Thanks for the reminder, Tamerlane - I’ve wanted to read that one for a while. Another good one from the scientific side is Stephen Jay Gould, especially The Mismeasure of Man.

Now that I re-read this, in fact this is an oversimplification. The very essence of Marxist criticism, and indeed what many people find so objectionable about it, is to take all kinds of Marxist dogma on faith, most alarmingly,

  1. That everyone in a society (other than the enlightened Marxists, of course) is governed by their “ideology” (read: their beliefs, which are entirely determined by their economic conditions);
  2. That Marxists, and Marxists alone, are able to “step outside” this ideology and see “what is really going on.”
  3. that anyone who does not accept the Marxist approach is suffering from “false consciousness,” and indeed, the fact that so many people don’t accept the Marxist approach just proves how right it is.

Look, I’m all for skepticism.

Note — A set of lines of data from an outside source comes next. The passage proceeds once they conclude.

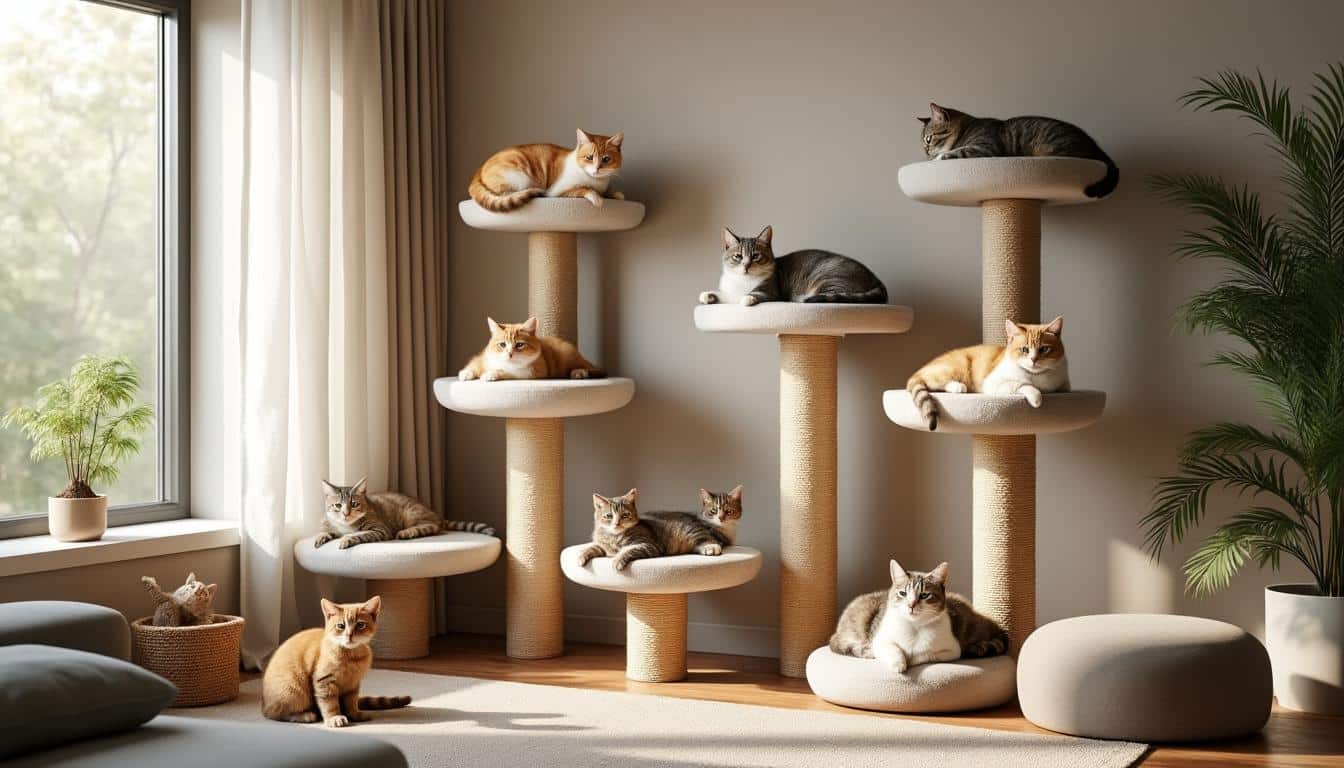 découvrez comment le partage des zones de repos en hauteur facilite une cohabitation harmonieuse entre plusieurs chats, en réduisant le stress et les conflits.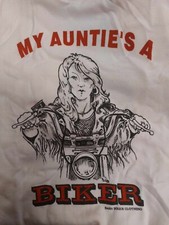Aunties biker slogan for sale  LEAMINGTON SPA
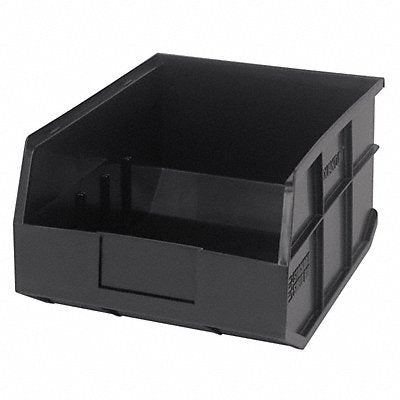 G7047 Shelf Bin Black Polypropylene 7 in
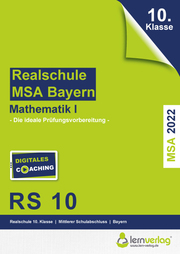 Original-Prüfungen Mathematik I Realschule 2022 Bayern - Cover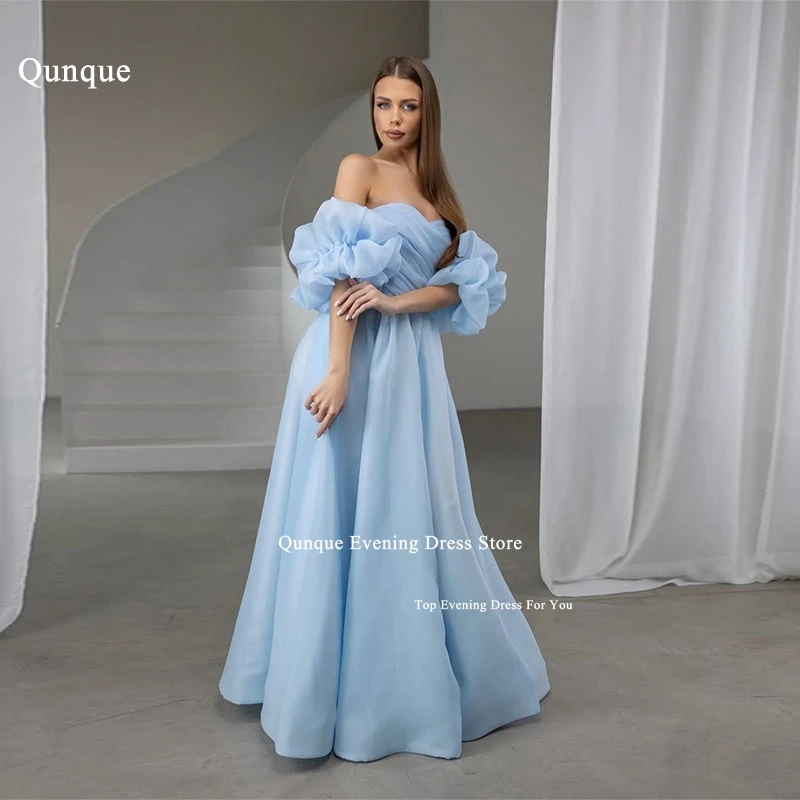 Qunque Luxury Organza Evening Dress With Short Puff Sleeves Vestidos De Fiesta Mujer Corset Back Formal Party Gown Customized
Qunque Luxury Organza Evening Dress With Short Puff Sleeves Vestidos De Fiesta Mujer Corset Back Formal Party Gown Customized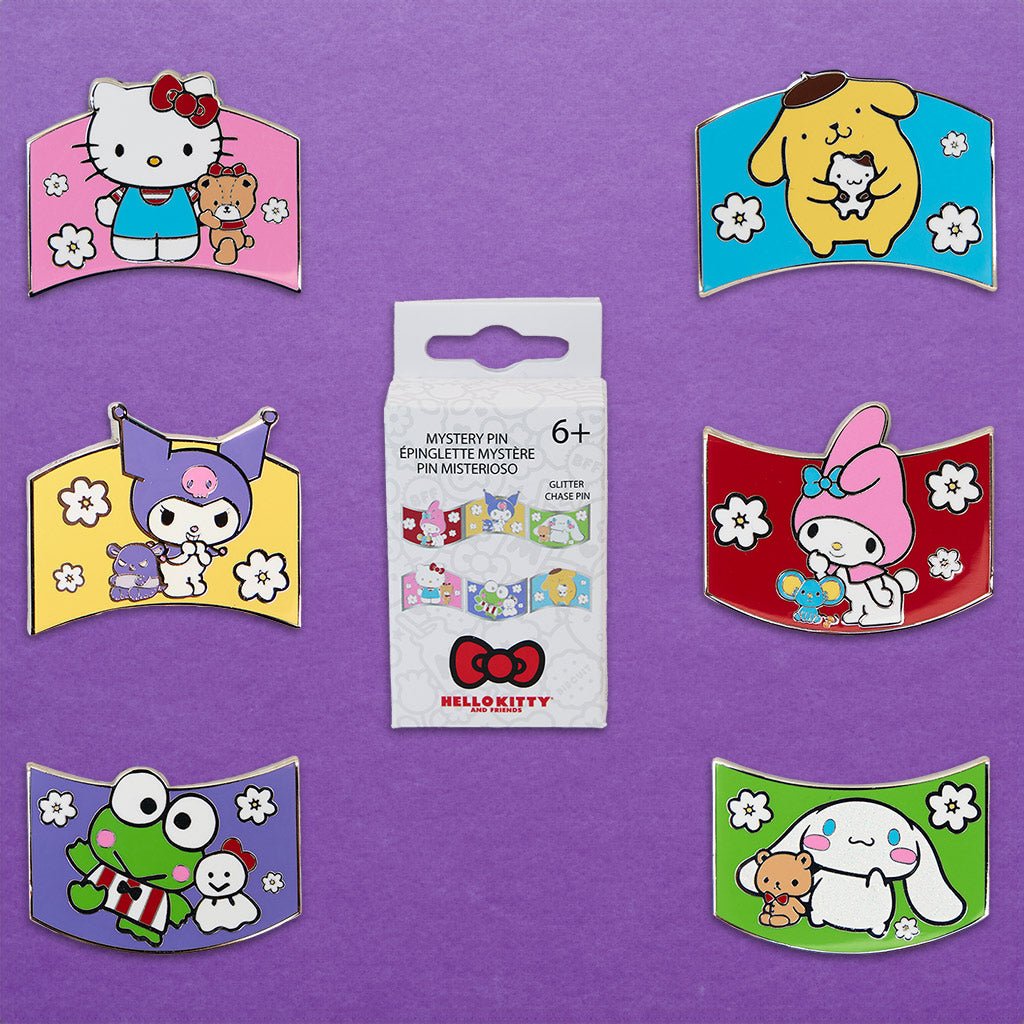 Loungefly x Sanrio And Friends Color Block Blind Box Mystery Pin - GeekCore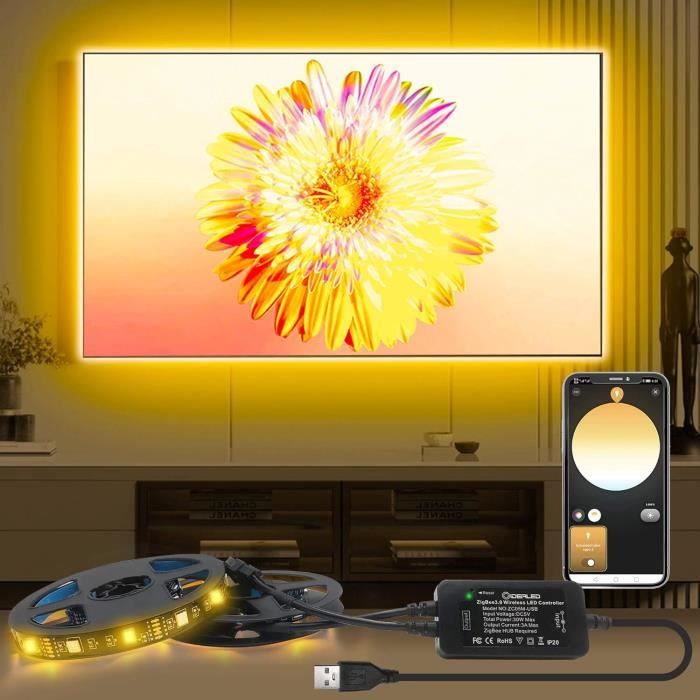 Zigbee Bande Led Usb 3.0 Rgbw À Intensité Variable - 4 M ...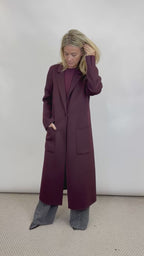 Cappotto Bordeaux _ Vicolo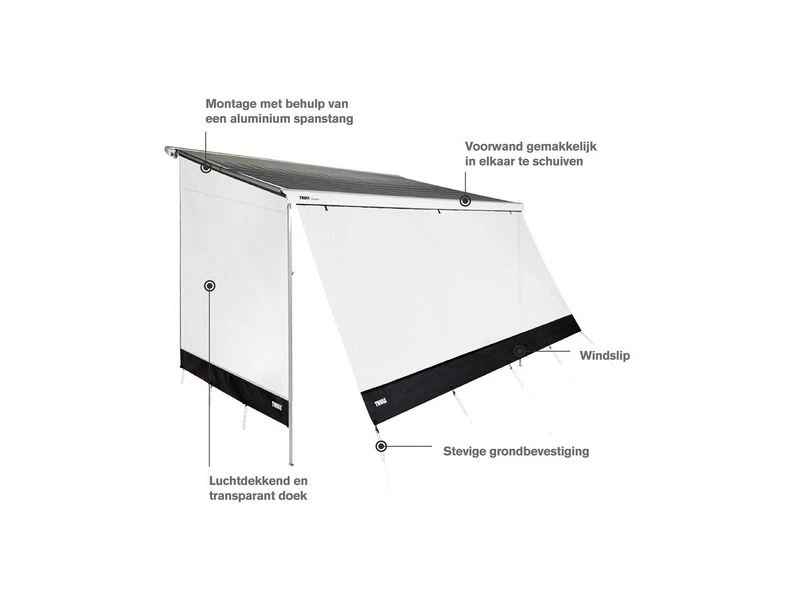 Thule Sun Blocker G2 Zijwand Large 2 Thule Sun Blocker G2 Zijwand Large - Afbeelding 2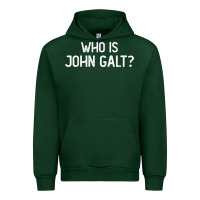 Forest Green who is john galt libertarian and book quote t shirt Urban Hoodie - linhVisuals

I’m all for questioning those in power, and I’m all for asking supposedly “neutral” authorities how they benefit from the status quo. I’ll go futher than that. I think that Karl Marx, for all his faults, made a significant contribution to western thought by drawing attention to many important issues, particularly how economic conditions shape so much of society, and how, throughout history, the only voices that got heard were—with extremely rare exceptions–the voices of those in power.

But I just can’t buy the idea that Marxist critics don’t take anything on faith.

You wanna back those assertions up with cites, please?